EXPO 2010. Riflessione aperta sugli strascichi italiani. Occasione mancata?

SHANGHAI: L’Expo 2010 si è chiusa con il passaggio di consegna ufficiale dalla Cina con furore nelle mani di Letizia Moratti, commissario speciale per la prossima edizione dell’esposizione internazionale,  sullo sfondo di un cantiere targato Milano Expo 2015 che lascia ancora discutere o perlomeno risulta ai molti ancora impercettibile. L’entusiasmo che ha animato ed elettrizzato milioni di cinesi nella sola Shanghai già 5 anni prima dell’apertura dei padiglioni è quasi totalmente assente in una Italia che logorata da rallentamenti politici, produttivi, coordinativi e comunicativi non smette di lasciare perplessi quanti sul piano internazionale si confrontano quotidianamente con altre realtà e perché no con alterità che si vantano percettibilmente nel fare del proprio Paese elemento di prestigio.

Sicuramente è stata un’ EXPO testimone dell’attenzione che le aziende, le menti creative, la macchina produttiva del made in Italy hanno per la Cina, assieme al rispetto che in fondo l’imprenditoria e la creatività nostrana riservano oggi per la seconda economia più importante del pianeta, e forse la prima per potenzialità di creazione di un mercato autonomo e distinto in grado di garantire al nostro export una configurazione rinnovata e opportunità da spartire.

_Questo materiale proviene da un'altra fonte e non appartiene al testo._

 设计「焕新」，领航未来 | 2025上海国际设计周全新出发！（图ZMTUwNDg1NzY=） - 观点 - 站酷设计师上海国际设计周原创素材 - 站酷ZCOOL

Affluenze record per lo spazio progettato da Giampaolo Imbrighi e più che positivi i commenti dei cinesi intervistati a fine excursus fra le monumentali creazioni poste in bellissima scena su uno sfondo dalla memoria rinascimentale e di grande rigogliosità artistica in richiamo al patrimonio culturale della nostra italianità. Quasi 8 milioni di cinesi hanno aspettato per ore e ore in coda prima di varcare la soglia del nostro padiglione, riempiendo con centinaia di scatti le memorie digitali di altrettante milioni di macchine fotografiche. Ammirazione ed entusiamo reciproche hanno sicuramente caratterizzato la relazione fra nuovi potenziali estimatori cinesi e creators italiani.

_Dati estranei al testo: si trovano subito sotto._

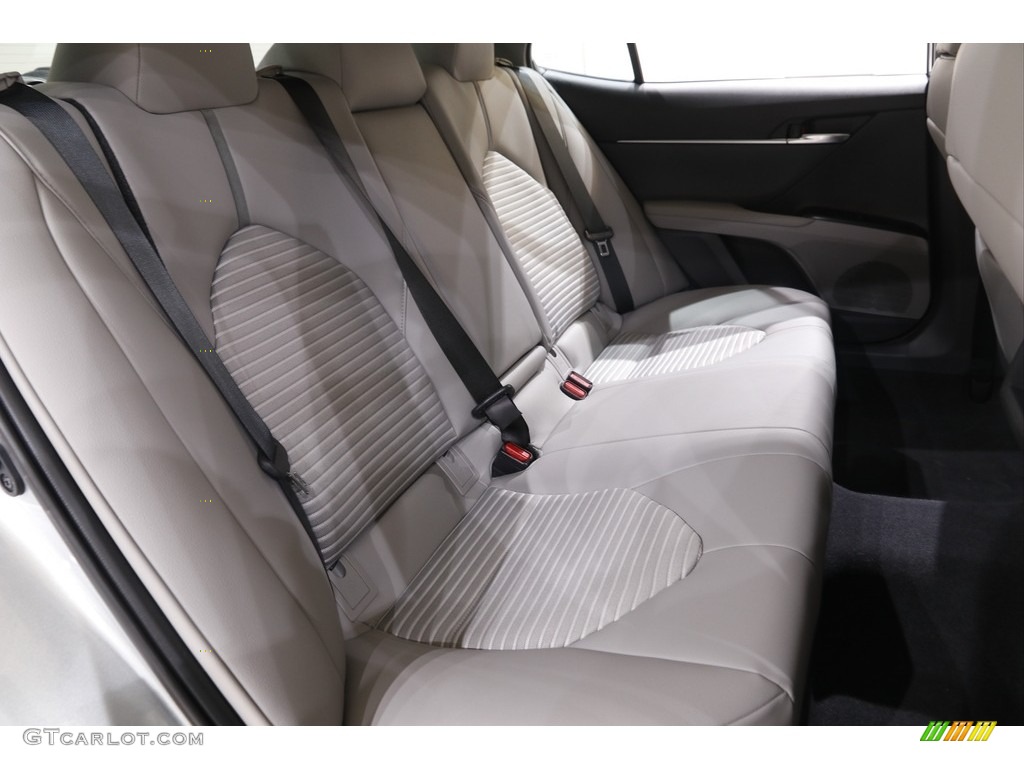 2019 Camry SE - Celestial Silver Metallic / Ash photo #15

Appurato tutto ciò. è però naturale  riflettere sulla portata d’indifferenza e dilagante sofferenza istituzionale che ha accompagnato nella politica nostrana un evento talmente importante come una esposizione internazionale, su un panorama altrettanto strategico come la Cina. Non importa se da Germania, Francia per non parlare poi dei vicini Paesi asiatici è stato un continuo via vai di Ministri e funzionari oltre che di esperti tecnici in grado di coordinare tavole di riflessione e di mediazione strutturata con i nuovi pengyou cinesi. Il salvar la faccia sembra dipendere dalla visita in extremis di Napolitano che riporta su un livello di alto prestigio istituzionale lo sguardo italiano alla chiusura dell’expo.

Un’occasione mancata, ancora una volta come già troppe volte visto su scenari internazionali. Non serve essere sinologi per conoscere quanto nella sensibilità cinese il ruolo del gruppo unito a quello del capo hanno nei termini di armonia e condivisione di intenti un ruolo fondante per il riconoscimento del valore e del prestigio di un’identità da parte dei propri interlocutori. L’assenza del primo ministro Berlusconi  e di quella di cariche altrettanto importanti in termini di valorizzazione delle energie produttive italiane, basti pensare allo stesso Ministro dello sviluppo economico non passano inosservati agli occhi della dirigenza cinese. Non è da poco soppesare che in Cina il partito ha coordinato e legittimato lo sviluppo nella dimensione socialista di mercato (così come lo stesso Deng Xiao Ping avviò nella sua lunga marcia a sud già negli anni 80) e che pertanto il dialogo fra istituzioni e organi politici viene a consolidare un clima di considerazione che sicuramente non è stato centrato. 

Come dire. il successo è degli italiani, del nostro estro e della qualità produttiva, del glorioso passato che affascina per abilità e centralità storica lo sguardo cinese che scruta le conformità dell’identità europea, trovando nel nostro Paese un protagonista indiscusso stimabile. Peccato però che in Cina un figlio che non sia guidato da un buon padre, che gli sia di esempio per essere educato e avviato al riconoscimento delle regole finisca per l’essere tacciato di fannullaggine. La centralità dell’etica confuciana non smette di rivelare che in fondo di occasione mancata possiamo realmente parlare.